We have a bundle with 1 Project, 5070 experiments, 5070 runs, 10140 bam files and 2173 bam indexes

In [7]:
expts_with_multiple_runs = 0
for sr_experiment in drsRes['contents']:
    # find any experiments with more than one run
    if len(sr_experiment['contents']) > 1:
        expts_with_multiple_runs += 1
        print(sr_experiment)
print ("No of experiments with more than one run: {}".format(expts_with_multiple_runs))

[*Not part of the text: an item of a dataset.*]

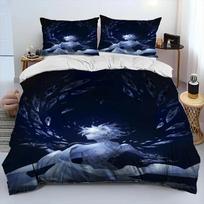 3D Anime,Record of Ragnarok,Cartoon Comforter Bedding Set,Duvet Cover Bed Set Quilt Cover Pillowcase,king Queen Size Bedding Set 135x200cm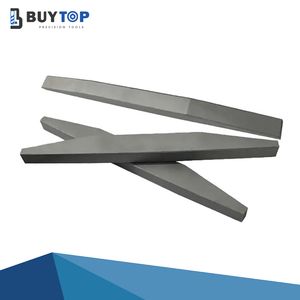 Manufacturer 104*20*12 Carbide Sand Making Bars Hip Sintered Tungsten Carbide Strips for VSI Crusher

No of experiments with more than one run: 0


### In conclusion

* If bundles are  to be used (not confirmed) then bundle expansion is a useful capability
* The value of that capability would be greatest if expansion were to go to the file (binary object) level. It would help to confirm that was the intent of the spec. 
* Expanding bundles may not scale well. The SRA server is helpful in providing a working example. It has been suggested that the option should be provided for a server to respond indicating that expansion is not permitted for a given id.